Subject: bin/6832: savecore deficiencies
To: None <gnats-bugs@gnats.netbsd.org>
From: None <bgrayson@ece.utexas.edu>
List: netbsd-bugs
Date: 01/17/1999 22:57:30
>Number:         6832
>Category:       bin
>Synopsis:       savecore could be better
>Confidential:   no
>Severity:       serious
>Priority:       medium
>Responsible:    bin-bug-people (Utility Bug People)
>State:          open
>Class:          sw-bug
>Submitter-Id:   net
>Arrival-Date:   Sun Jan 17 21:05:01 1999
>Last-Modified:
>Originator:     Brian Grayson
>Organization:
	Parallel and Distributed Systems
	Electrical and Computer Engineering
	The University of Texas at Austin
>Release:        Jan 15, 1998
>Environment:

>Description:
	As a NetBSD-helper-wannabe, I've been quite frustrated
	with how savecore does and doesn't work.  There are
	several things that could be better!

	1.  There is no reference to a crash(8) man page.  Each
	architecture should have a crash man page talking about
	what occurs when crashes happen, how (in general terms)
	savecore saves the information for further perusal, and
	how to debug a dead kernel using the saved info (i.e.,
	print a backtrace, do a ps).  
	
	The hp300 and vax archs have crash(8) man pages, which
	would be a good start for the other archs.  panic(9)
	and other things should also x-ref the crash(8) man page.

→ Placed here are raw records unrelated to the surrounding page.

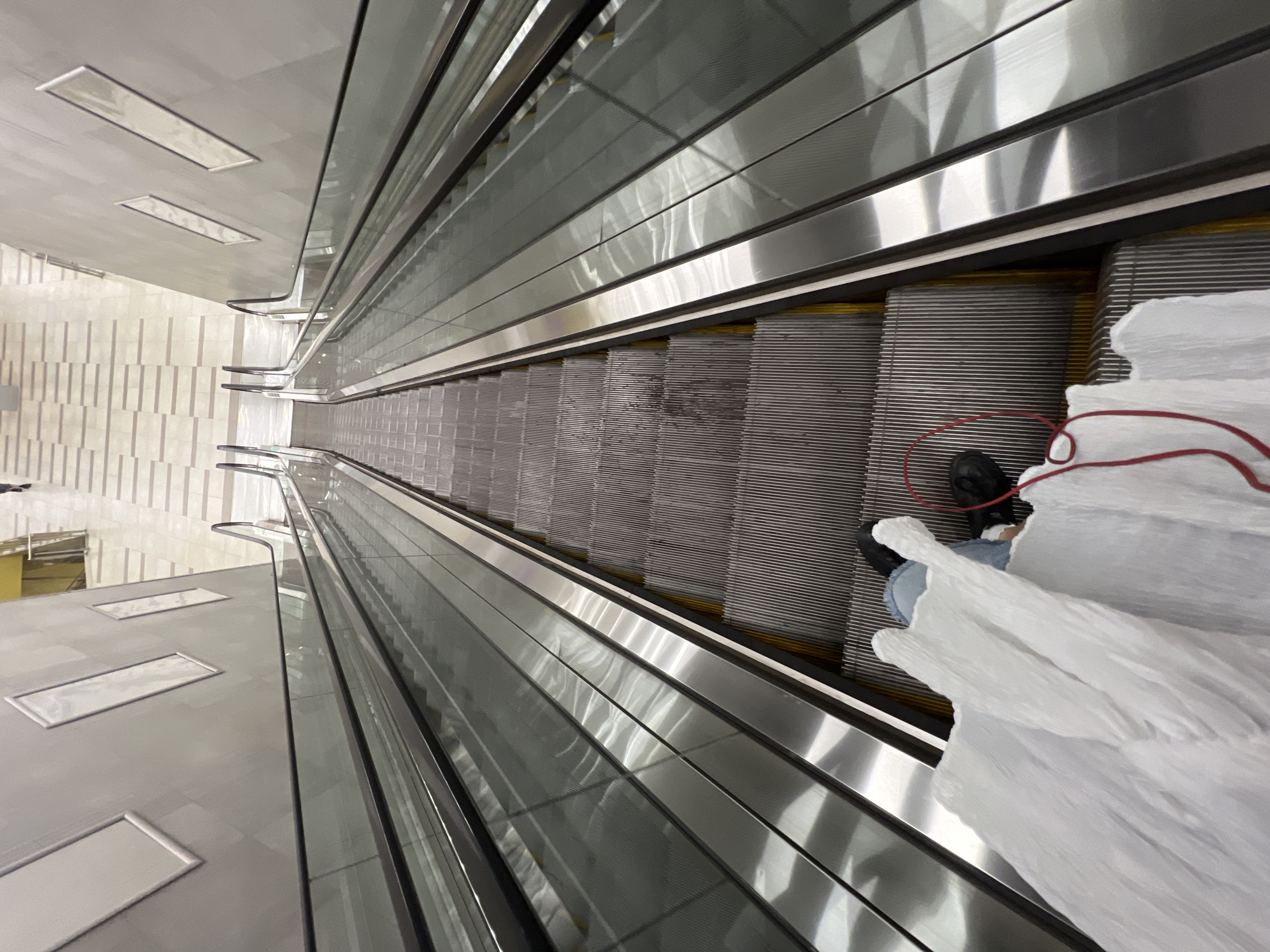The image shows a downward-facing view of two escalators. The escalator on the right is more visible and appears to be in motion, as indicated by the blurred steps and the reflective surfaces. The escalator on the left is partially obscured by a large white object in the foreground. A person's legs and feet are visible on the left escalator, wearing blue jeans and black shoes. A red cord is also visible, coiled on the escalator steps near the person. The walls of the escalator shaft are lined with a gray material and feature several rectangular decorative panels. The floor at the bottom of the escalators is tiled in a light beige and white striped pattern. The overall impression is that of a modern, indoor public space, possibly a shopping mall or airport, and it is unlikely to be specifically in Sofia, Bulgaria, as there are no distinguishing features suggesting that location.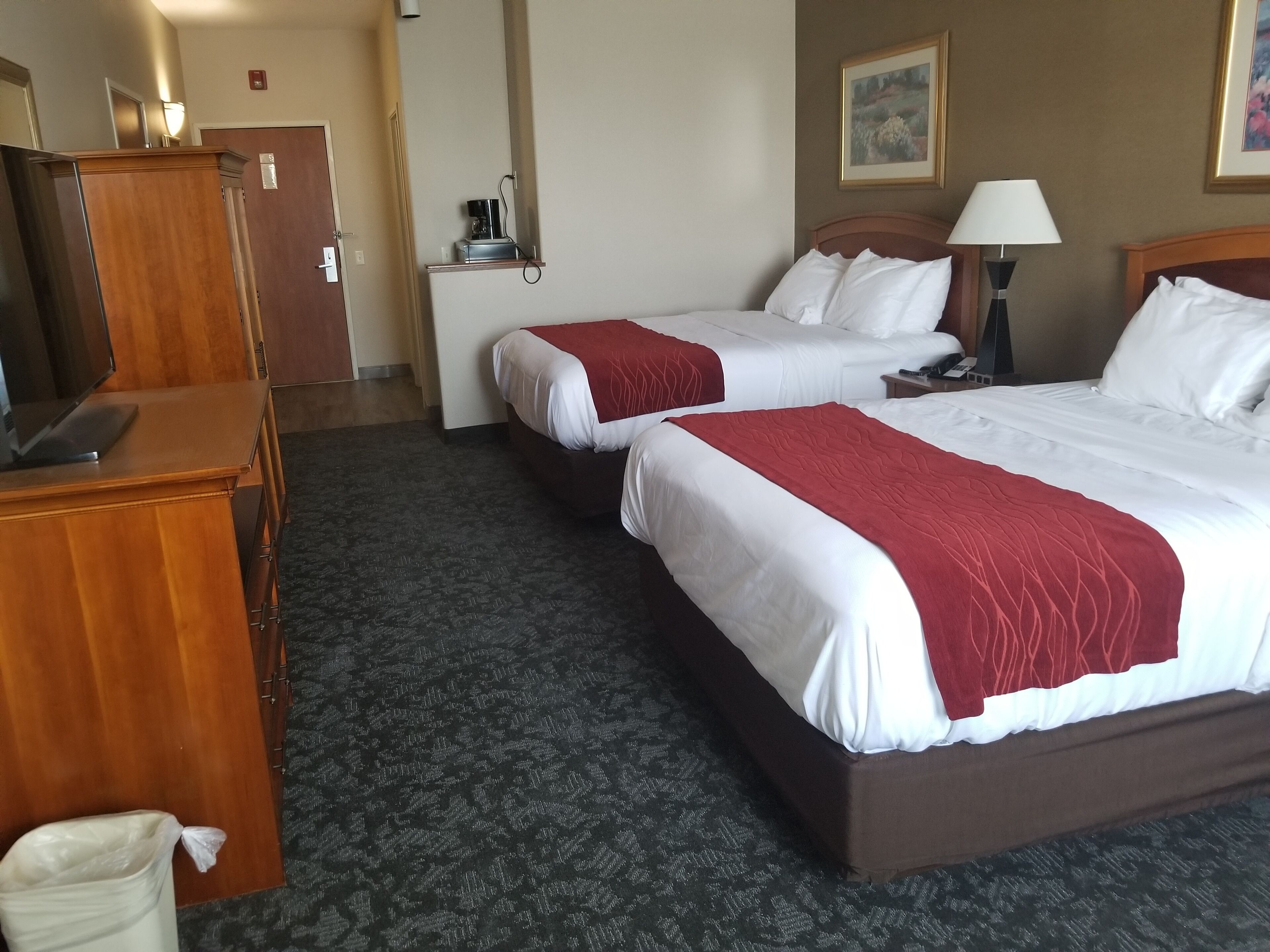A hotel room with two beds, a desk, a chair, a lamp, and a painting on the wall.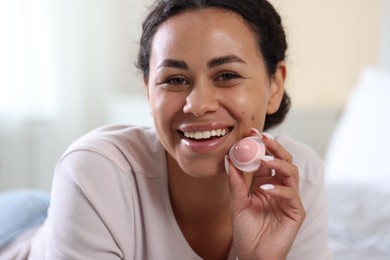 Photo of Smiling woman with lip balm on blurred background, closeup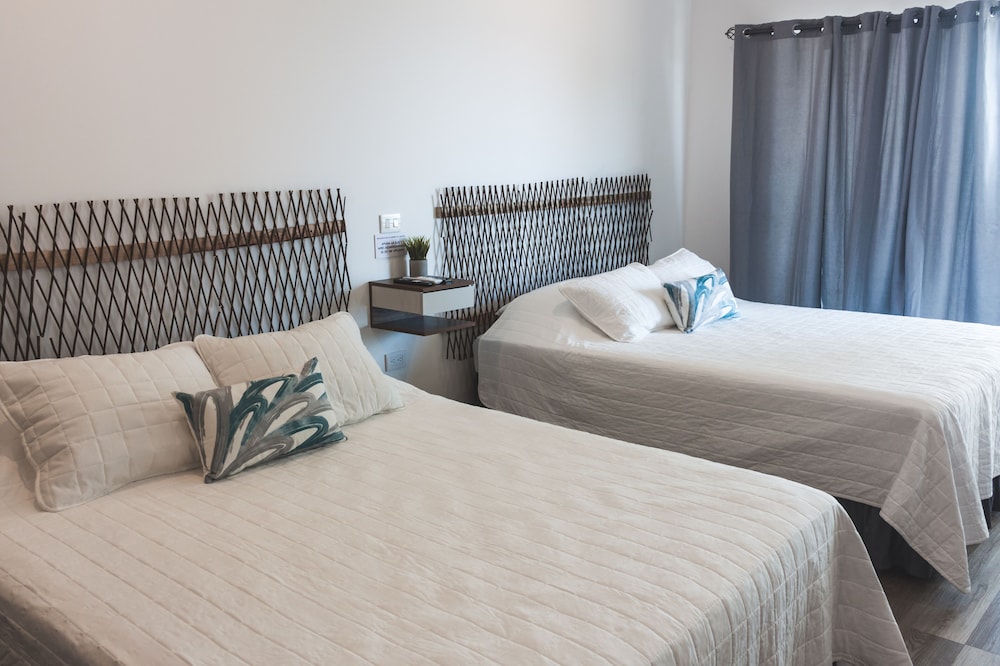 Habitación Doble Deluxe, 2 Camas Queen, Baño Privado, Vista a la Playa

	2.  Some of the exit conditions don't tell much
	information, even with -v.  For example, the error message
	"/dev/wd0e: Device busy" could be something like "Failure
	while attempting to open dump device /dev/wd0e:  Device
	busy".  (Also, this particular failure is one failure
	mode for when /netbsd and the crashed kernel aren't the
	same -- wd0e is an FFS file system, not a swap partition.
	A note like "Check that /netbsd is your running
	kernel, and the kernel xxx passed via -N (if any) is the
	kernel that caused the panic" would be nice.  There are
	several other common exit points that should have similar
	messages about kernel names.)

	3.  There is no -N-style option to deal with the
	currently-running kernel being different from /netbsd.
	For example, I currently am running /netbsd-test3, with a
	crashdump from /netbsd-test3.  We need two -N-style
	options, one for the current kernel, and the
	already-existing -N option for the dead kernel.

	4.  savecore's failure to save when there is a crash is too
	quiet.  Perhaps each exit(1) call should be replaced
	with something that prints out a more noticeable message
	(*** savecore failure:  xxx)?
>How-To-Repeat:
>Fix:
	Some of the above are over my head.  I'll try to send in
	patches as I write them over the next few weeks, if no
	one else beats me to it.
>Audit-Trail:
>Unformatted: